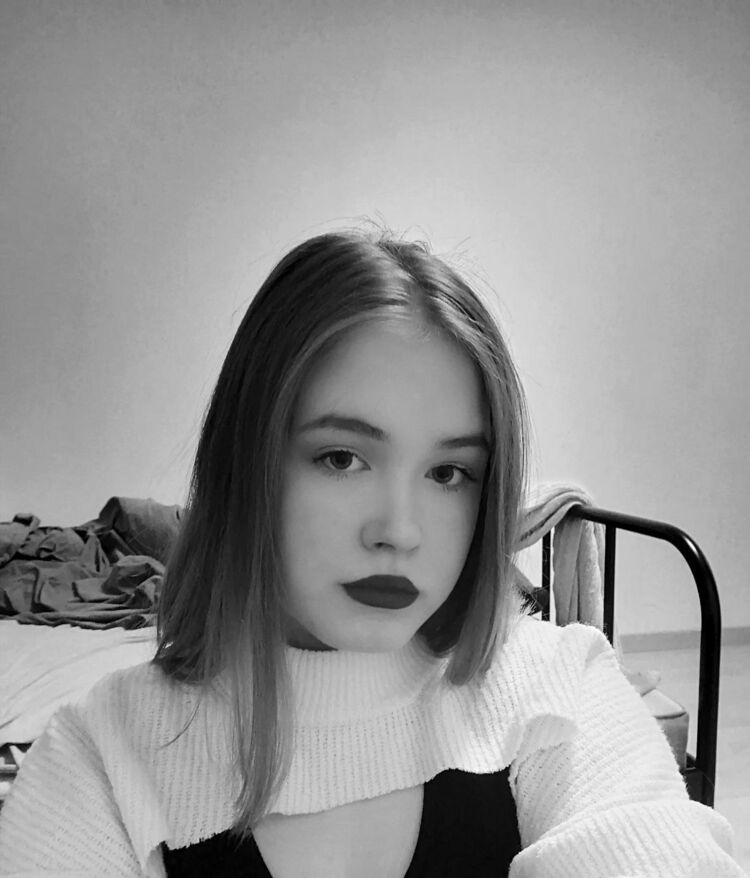 ���� 40013097 ������� ����, 20 ���, ���� ���������� � ������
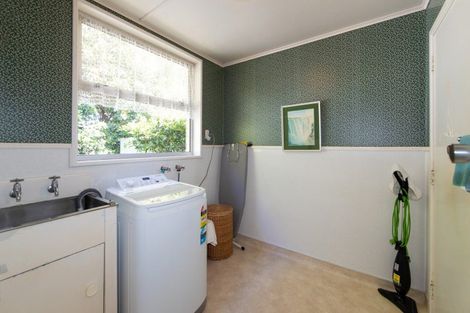 Photo of property in 3/52 Napier Road, Havelock North, 4130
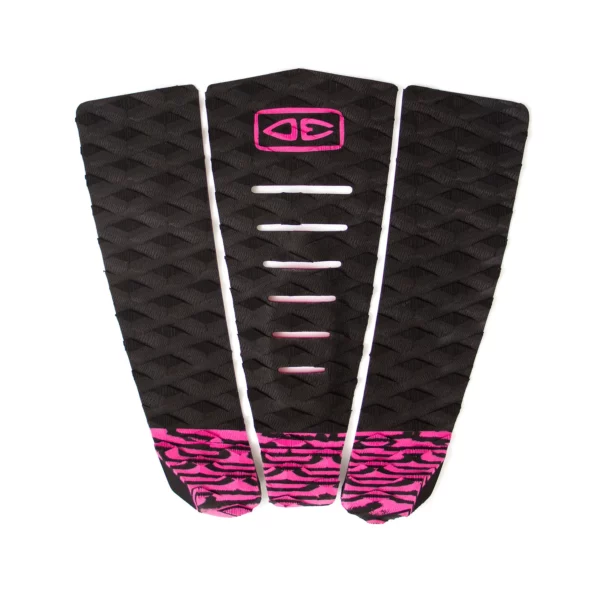 SIMPLE JACK S-BOARD TAIL PAD - Image 5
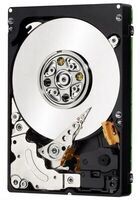 IBM - 146 GB 15K 6 Gbps SAS 2.5
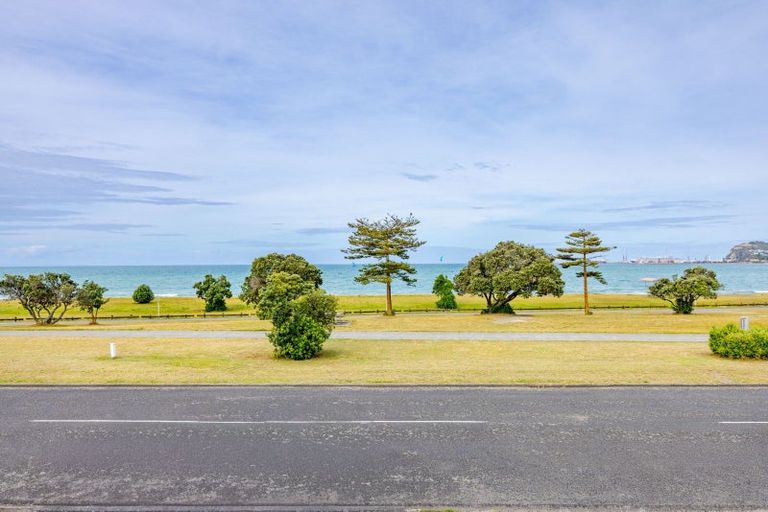 Photo of property in 2/26 Ferguson Avenue, Westshore, Napier, 4110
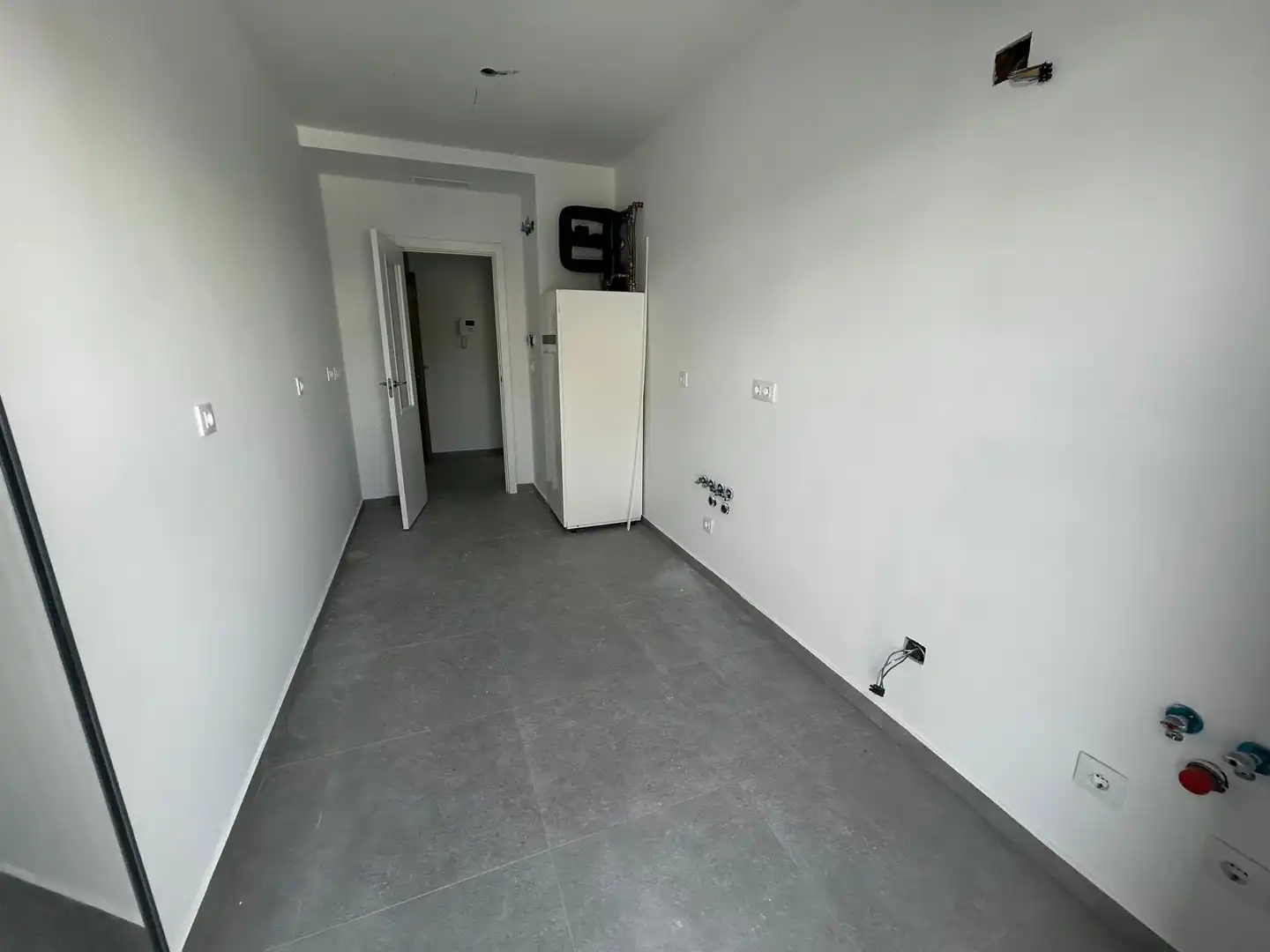 Flat for sale in Córdoba  with Air Conditioner, Heating and Terrace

Assigned task
The lines from the one holding "IBM - 146 GB 15K 6 Gbps SAS 2.5" through the end of the entries are to be transcribed exactly, both ends included, with the pictures left out.

Answer to this exercise
 IBM - 146 GB 15K 6 Gbps SAS 2.5
 Photo of property in 2/26 Ferguson Avenue, Westshore, Napier, 4110
 Flat for sale in Córdoba  with Air Conditioner, Heating and Terrace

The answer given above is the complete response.